On the 25th, global healthcare company GlaxoSmithKline Korea (GSK) announced that its myelofibrosis treatment drug ‘Omzzara (ingredient name: Momelotinib hydrochloride hydrate)’ received approval from the Ministry of Food and Drug Safety for the treatment of myelofibrosis in intermediate-risk or high-risk groups of adults with anemia. The indications for this approval include primary myelofibrosis, post-polycythemia vera myelofibrosis, or post-essential thrombocythemia myelofibrosis.
Omzzara is a drug that blocks three major signaling pathways, including ACVR1 (activin A receptor type 1), as well as JAK1 and JAK2 proteins that were blocked by existing treatments. The recommended dose is 200 mg orally once a day, and can be taken with or without meals.
Myelofibrosis is a rare blood cancer that causes symptoms such as anemia, thrombocytopenia, and spleen and liver enlargement as bone marrow fibrosis progresses. It occurs in 1 out of 100,000 people worldwide, and in Korea, approximately 2,292 patients were confirmed to have received hospitalization and outpatient treatment as of 2023. In particular, patients with anemia symptoms have a poor treatment prognosis, but the problem is that most patients experience anemia.
Studies have shown that 87% of patients with myelofibrosis are anemic at the time of referral, and another study found that 46% of patients still required blood transfusions more than a year after diagnosis. In general, the occurrence of anemia in patients with myelofibrosis increases the risk of death by two-fold compared to other prognostic factors such as age, leukocytosis, and systemic symptoms.
Through the global phase 3 clinical trials, the SIMPLIFY-1 study and the MOMENTUM study, Omzzara confirmed its clinical efficacy and safety profile in treating major symptoms such as improving splenomegaly in adult myelofibrosis patients and reducing the dependency on blood transfusions in anemia patients.
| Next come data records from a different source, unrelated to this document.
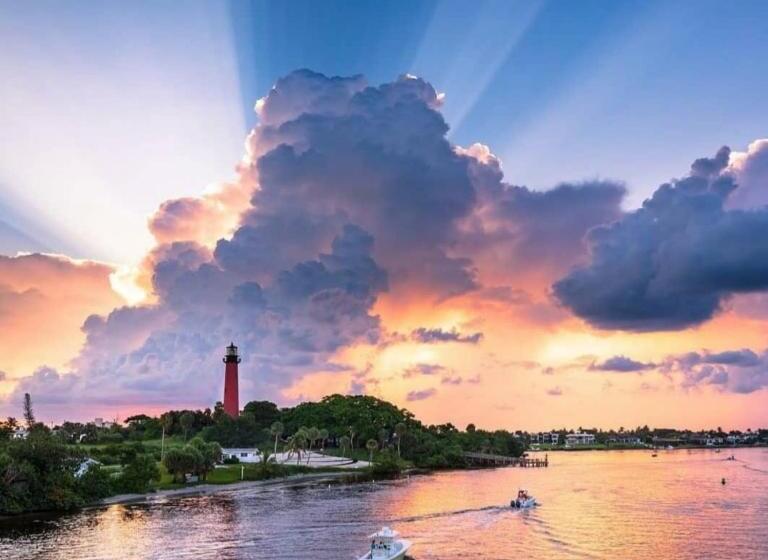 모텔 Travel Inn Of Riviera Beach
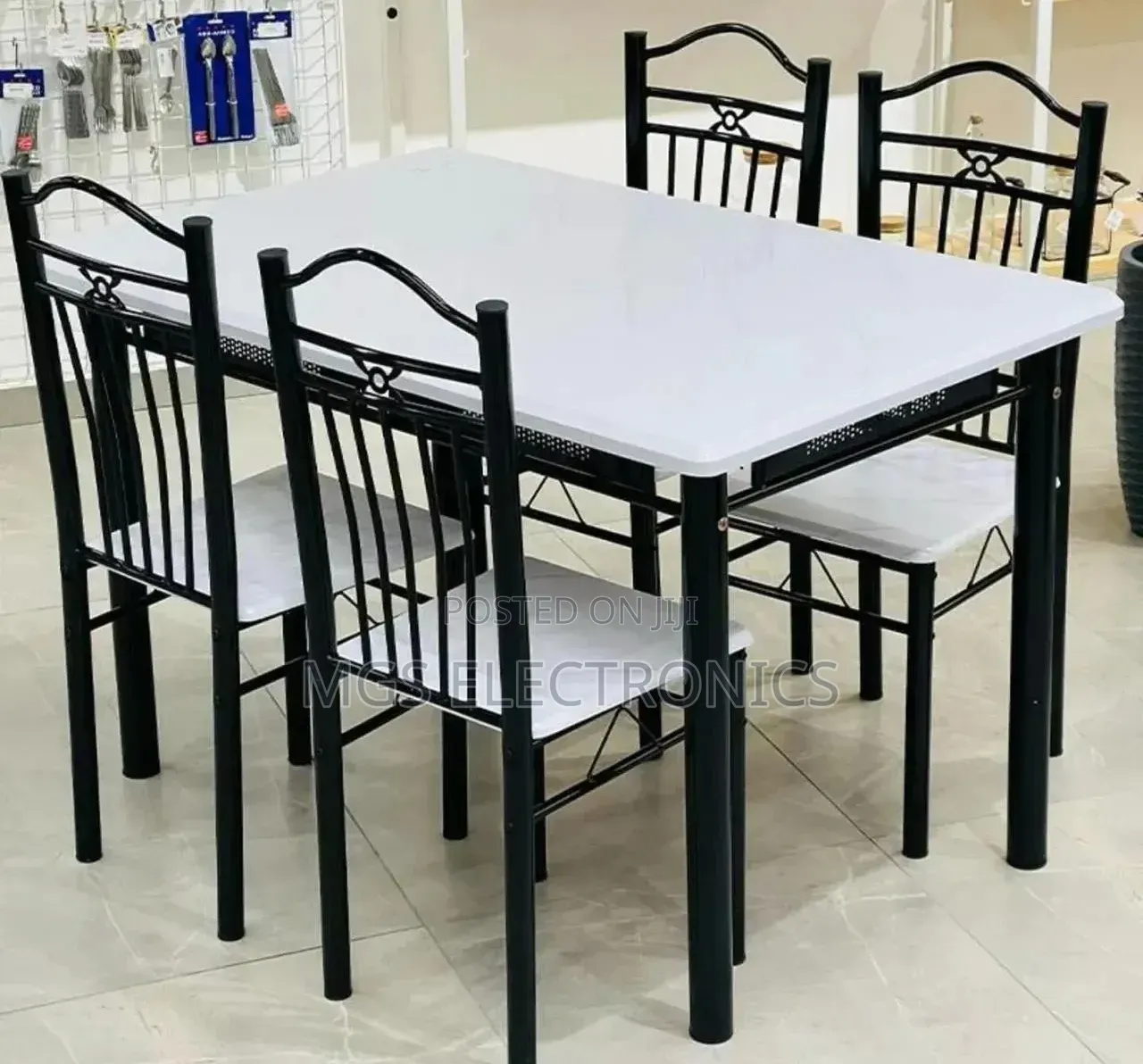 Executive 4 Sitter Dinning Table At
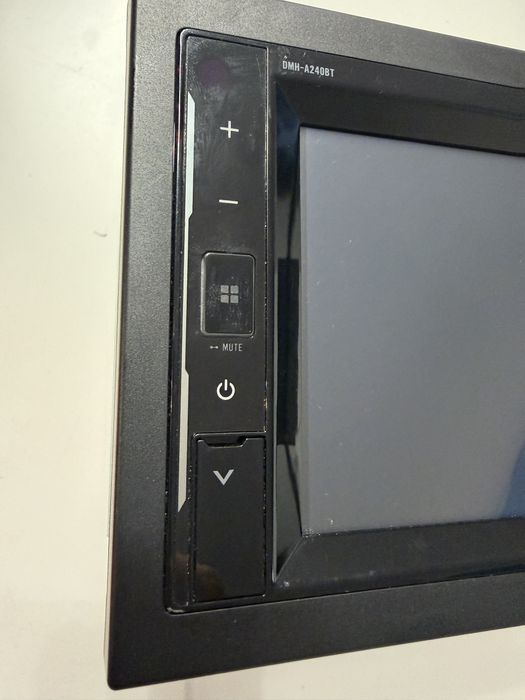 Radio Pioneer DMH-A240BT 2 din jak nowe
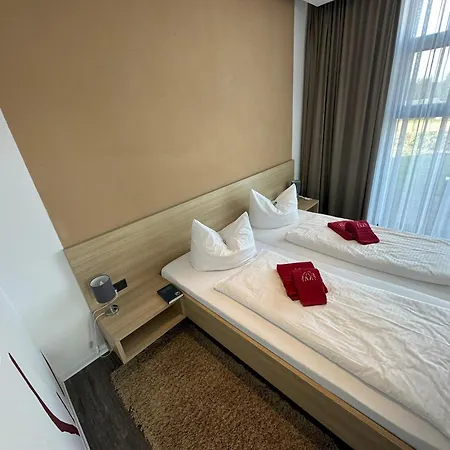 Hotel Reit- Und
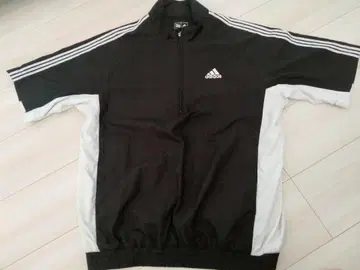 adidas 반팔 자켓 블랙/화이트 M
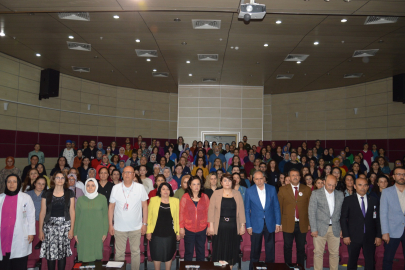 UŞAK EĞİTİM VE ARAŞTIRMA HASTENESİNDE HEMŞİRELER GÜNÜ KUTLANDI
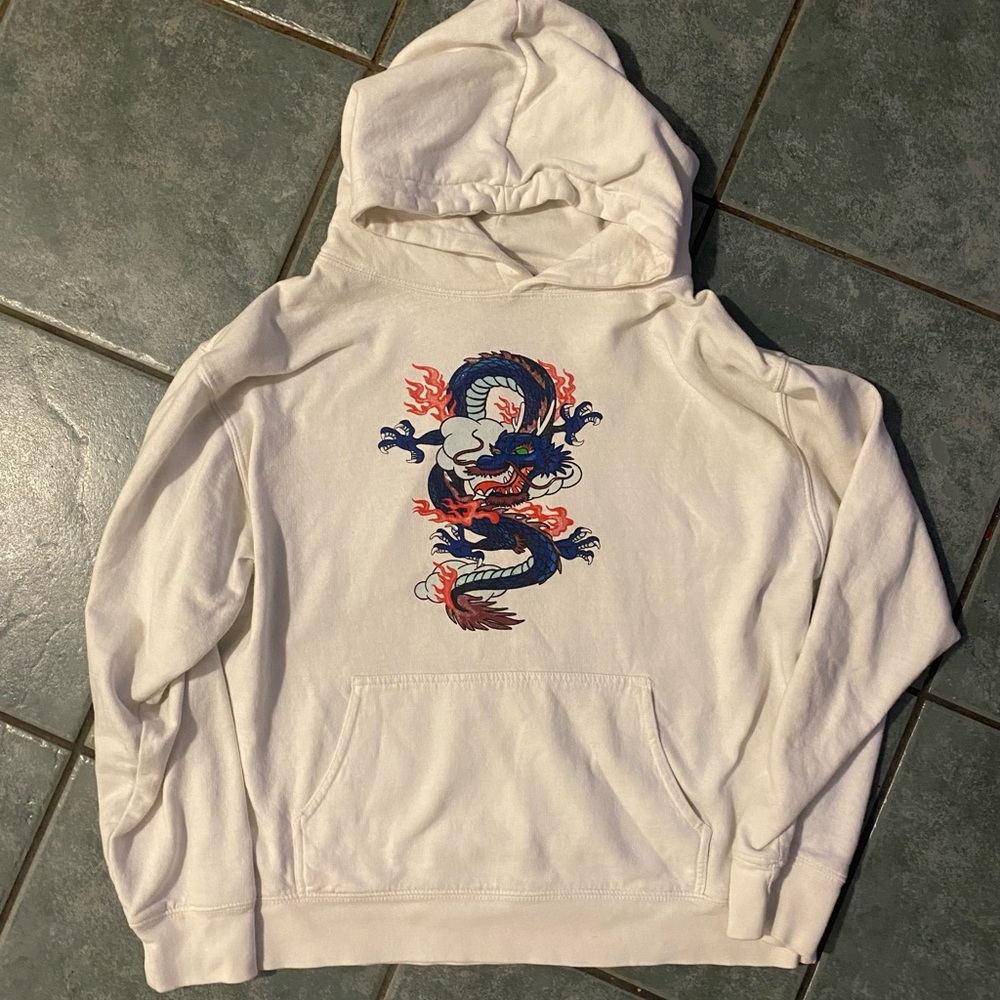 brandy Melville dragon sweatshirt one size and no blemishes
This domestic approval was also based on the results of the two clinical trials.
First, the SIMPLIFY-1 study directly compared Omzara with ‘ruxolitinib’ in 432 adult patients with myelofibrosis who had not previously received JAK inhibitor treatment, and a post-hoc analysis was conducted in the subgroup with anemia. As a result, Omzara confirmed non-inferiority to ruxolitinib in the primary efficacy endpoint, spleen volume response (35% or more decrease) at 24 weeks of treatment, and did not show non-inferiority in the total symptom improvement score. As a result of checking the transfusion independence rate in each patient group, the transfusion independence rate of patients in the Omzara group was 66.5%, and in the ruxolitinib group was 49.3%, confirming that transfusion dependency was significantly lower in the Omzara group.
Another approved clinical trial, the MOMENTUM study, compared the efficacy and safety of Omzara versus danazol in 195 adults with symptomatic myelofibrosis who had previously received a JAK inhibitor and had anemia. All patients had previously received ruxolitinib, and 4.6% had previously received fedratinib. The co-primary efficacy endpoints were the proportion of patients with a ≥ 50% reduction in the Total Symptom Score (TSS) at Week 24 and transfusion independence. Key secondary endpoints included spleen volume response.
As a result of the study, the proportion of patients in the Omzara group whose TSS was reduced by more than 50% was 25% (32 out of 130 patients), which was a statistically significant improvement compared to 9% (6 out of 65 patients) in the Danazol group. In addition, the proportion of patients who maintained transfusion independence with a hemoglobin level of 8 g/dL or higher for the first 12 weeks after starting treatment was confirmed to be higher in the Omzara group. Furthermore, in terms of spleen volume response (more than 35% decrease in spleen volume) at 24 weeks of treatment, the Omzara group showed a difference of about 7 times (22%, 3% in the Danazol group), confirming the effect of symptom improvement.
Commonly reported non-hematologic adverse reactions in patients administered Omzzara included diarrhea (22.8%) and nausea (16.7%), and the most common grade 3 or higher adverse reaction was thrombocytopenia (10.7%).
“Myelofibrosis is a disease characterized by dysregulated JAK signaling, increased inflammation, and overactivation of ACVR1. Despite the development of treatments, there has been an ongoing medical need related to anemia,” explained Yang Yoo-jin, executive director and head of GSK Korea’s HIV/Oncology business unit.
In doing so, he said, “By blocking all three major signaling pathways that cause myelofibrosis, Omjja showed excellent therapeutic effects not only in improving major symptoms but also in improving major indicators related to anemia that impede the long-term treatment prognosis and survival of patients,” and expected that “it will be able to present a new turning point in the domestic treatment environment.”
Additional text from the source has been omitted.